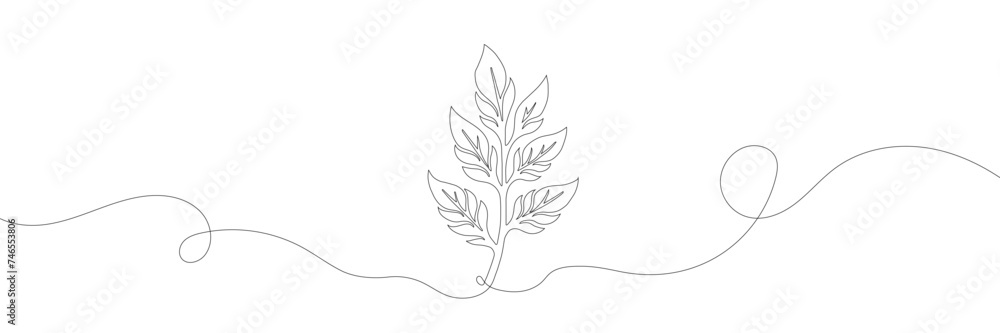 Continuous one line leaf. Vector illustration. Continuous one line leaf. Vector illustration.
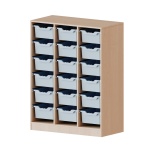 ErgoTray Regal, 3reihig, 3,5 OH,  18 hohe Boxen, B/H/T 104,5x136x50cm 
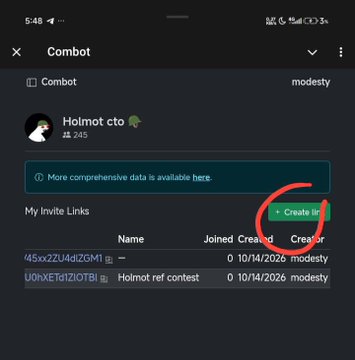 A mobile app screenshot of a 'Combot' profile for 'Holmot cto' showing 'My Invite Links' with two entries and a green '+ Create link' button circled in red.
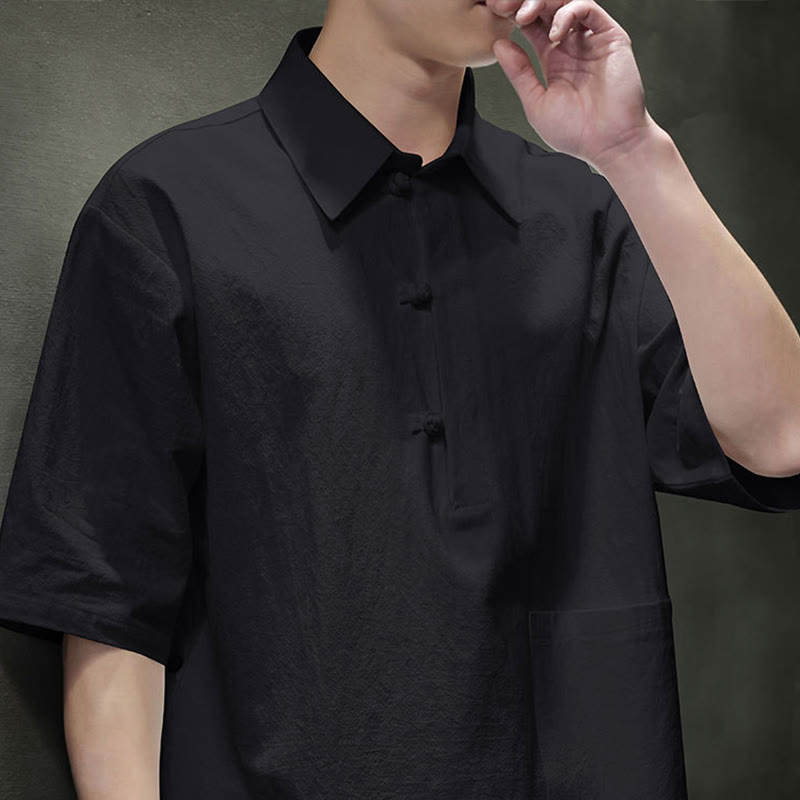 Camicia da uomo in cotone e lino con mezza manica e taschino, modello Buddha Stones Commute, semplice, con bottoni a metà lunghezza - image 17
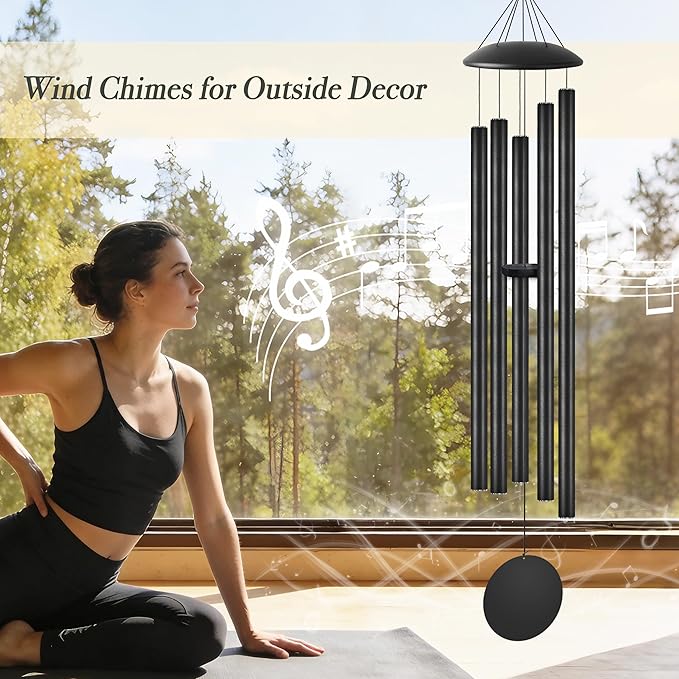 48" Extra Large Wind Chimes with Outside Deep Tone, 5 Thick and Bold Aluminum Tubes, Coolest Metal Windchimes Outdoors with Pine Wood Striker, Unique Gift for Mom, Garden Decoration(Black)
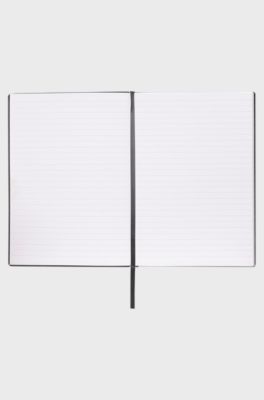 A5 notebook in black faux leather, Black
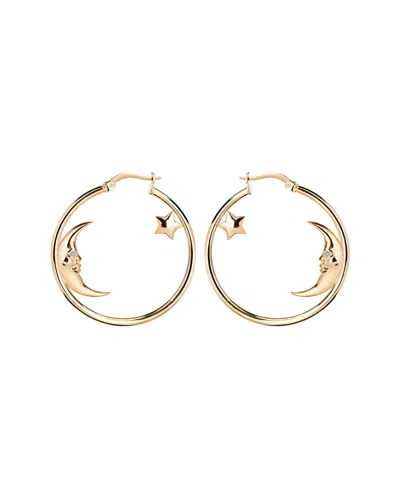 GABI RIELLE GABI RIELLE 14K OVER SILVER CZ MOONLIT HOOPS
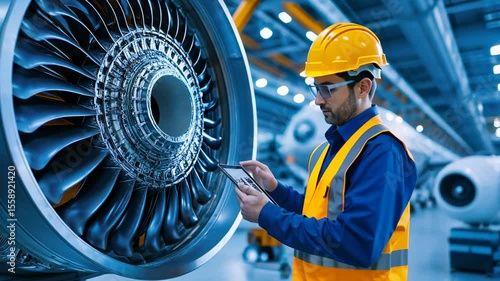 Engineer inspecting modern aircraft engine turbine with digital tablet for maintenance and safety check in industrial hangar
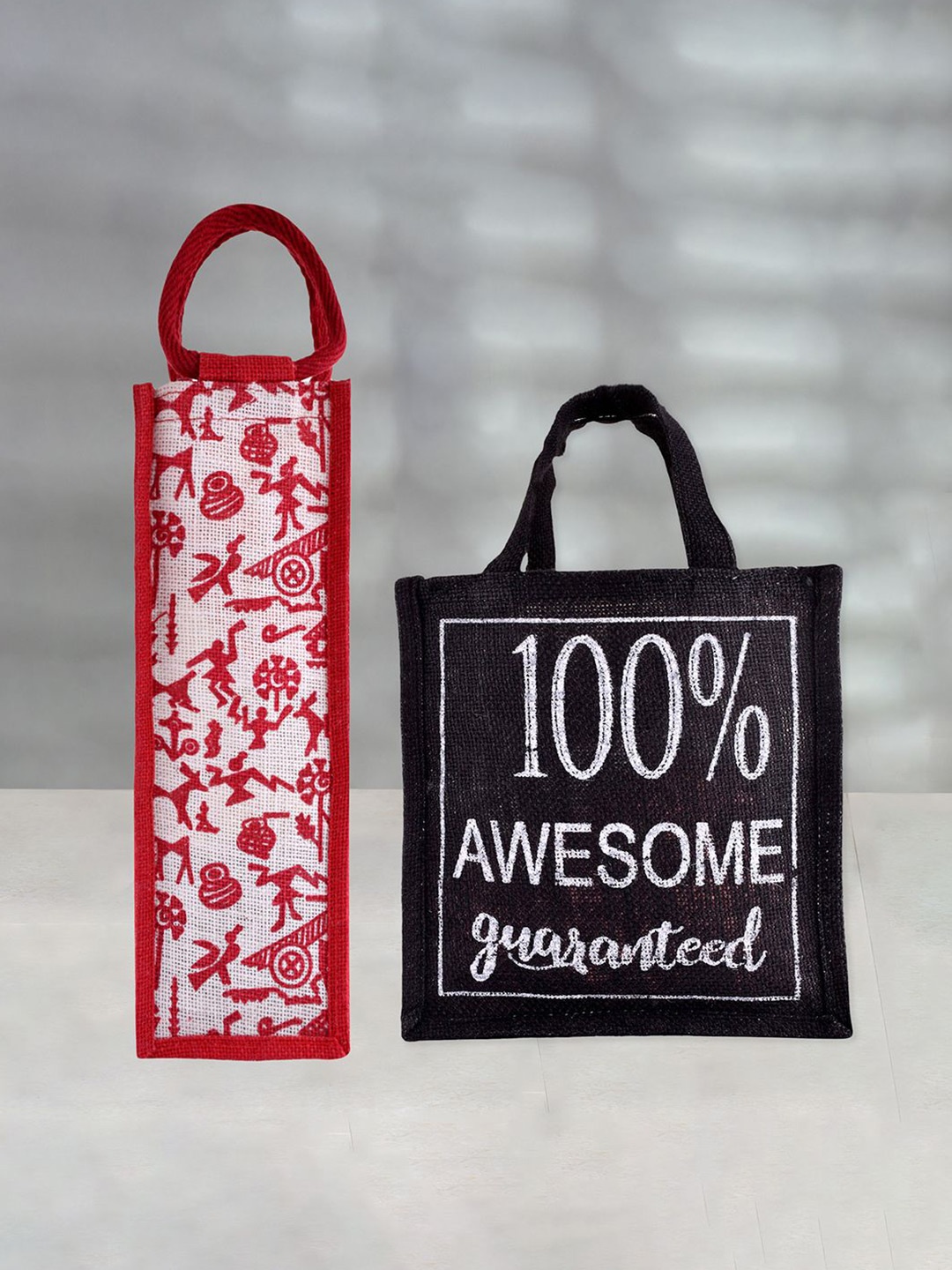 

Kuber Industries Set of 2 Other Prints Lunch bags Travel Accessory, Black
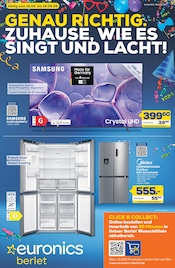 Fernseher im EURONICS Prospekt in Bönen Aktueller EURONICS Prospekt mit Fernseher, "GENAU RICHTIG. ZUHAUSE, WIE ES SINGT UND LACHT!", Seite 1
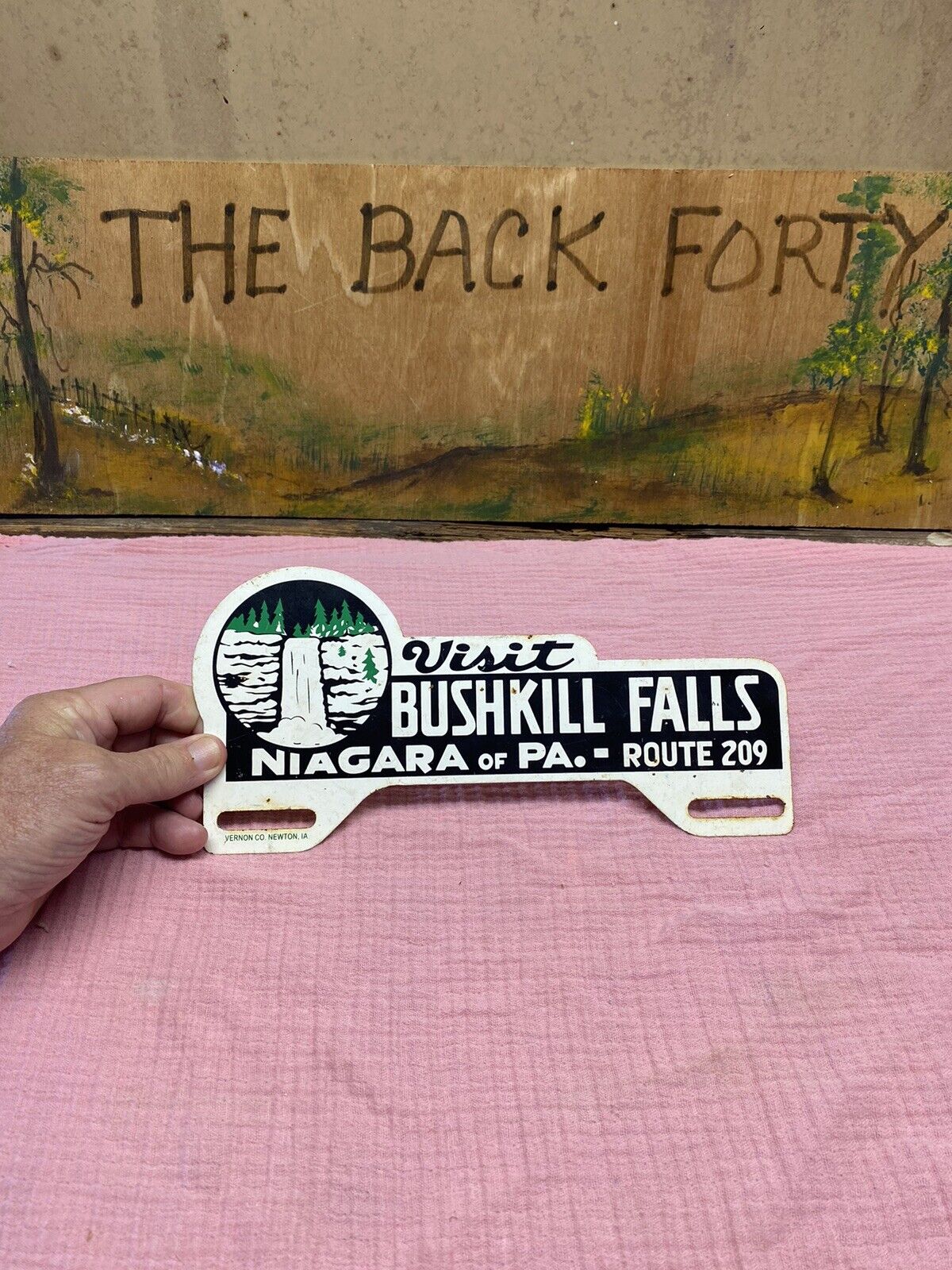 Vintage Bushkill Falls Pa. License Plate Topper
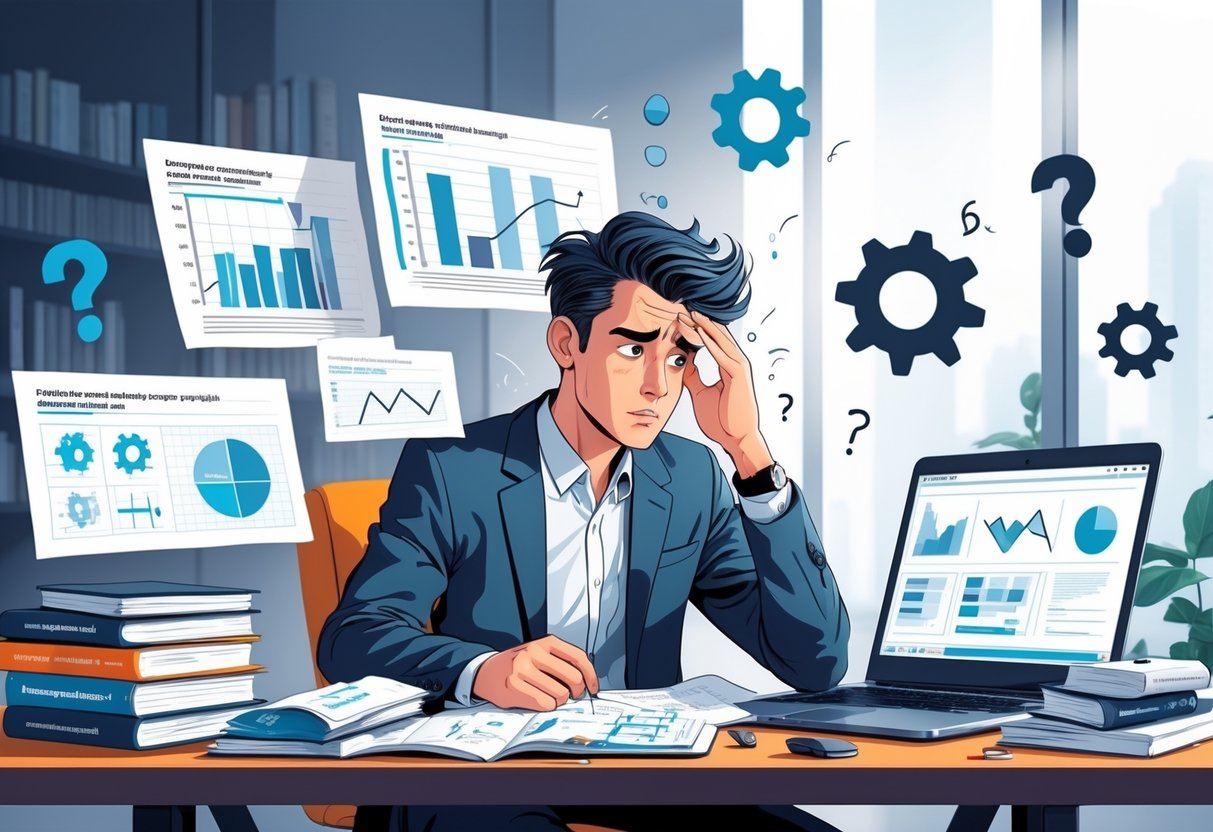 A person at a desk looking confused while surrounded by technical books, charts, and a laptop with data visuals, with floating question marks and broken gears symbolizing interview mistakes.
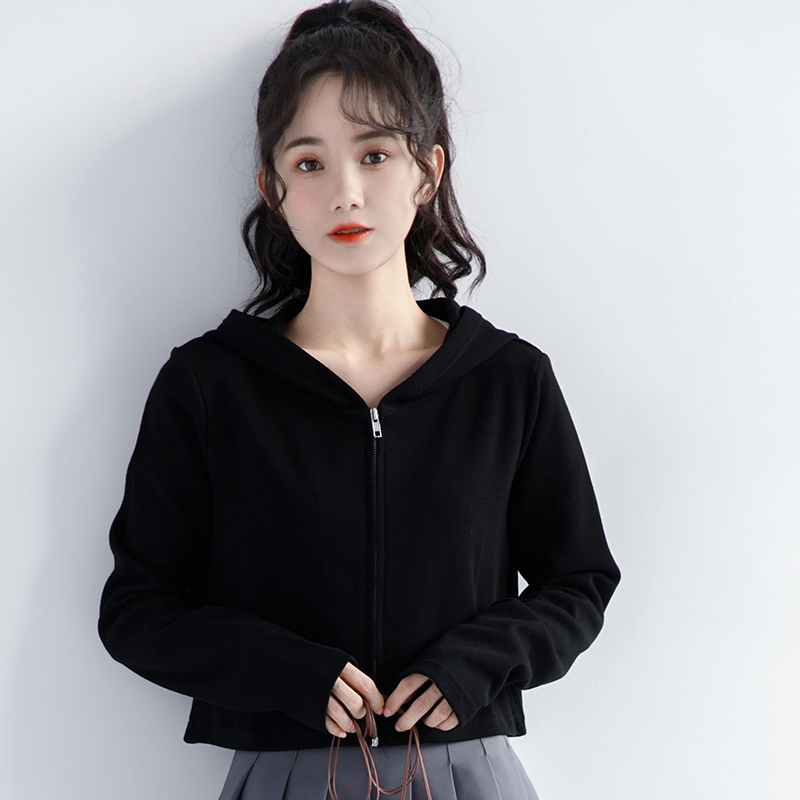 2021秋季新款连帽黑色卫衣外套女春秋短款拉链开...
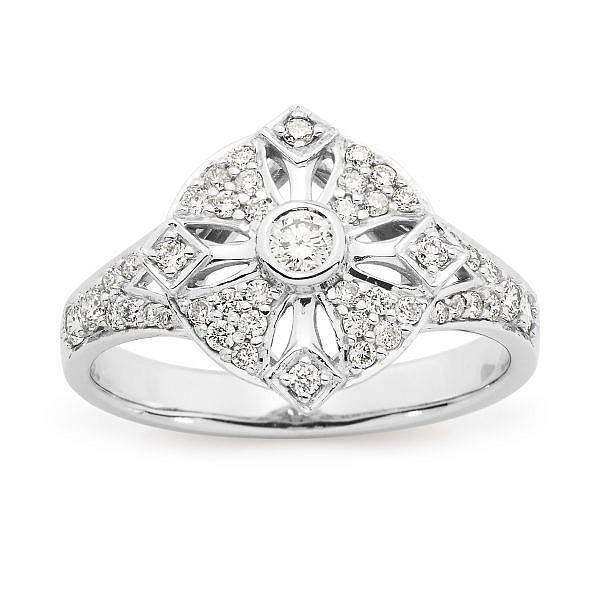 Diamond art deco style dress ring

====

Using the records above, output an exact copy without any pictures.

 Continuous one line leaf. Vector illustration. Continuous one line leaf. Vector illustration.
 ErgoTray Regal, 3reihig, 3,5 OH,  18 hohe Boxen, B/H/T 104,5x136x50cm 
 A mobile app screenshot of a 'Combot' profile for 'Holmot cto' showing 'My Invite Links' with two entries and a green '+ Create link' button circled in red.
 Camicia da uomo in cotone e lino con mezza manica e taschino, modello Buddha Stones Commute, semplice, con bottoni a metà lunghezza - image 17
 48" Extra Large Wind Chimes with Outside Deep Tone, 5 Thick and Bold Aluminum Tubes, Coolest Metal Windchimes Outdoors with Pine Wood Striker, Unique Gift for Mom, Garden Decoration(Black)
 A5 notebook in black faux leather, Black
 GABI RIELLE GABI RIELLE 14K OVER SILVER CZ MOONLIT HOOPS
 Engineer inspecting modern aircraft engine turbine with digital tablet for maintenance and safety check in industrial hangar

Kuber Industries Set of 2 Other Prints Lunch bags Travel Accessory, Black
 Fernseher im EURONICS Prospekt in Bönen Aktueller EURONICS Prospekt mit Fernseher, "GENAU RICHTIG. ZUHAUSE, WIE ES SINGT UND LACHT!", Seite 1
 Vintage Bushkill Falls Pa. License Plate Topper
 A person at a desk looking confused while surrounded by technical books, charts, and a laptop with data visuals, with floating question marks and broken gears symbolizing interview mistakes.
 2021秋季新款连帽黑色卫衣外套女春秋短款拉链开...
 Diamond art deco style dress ring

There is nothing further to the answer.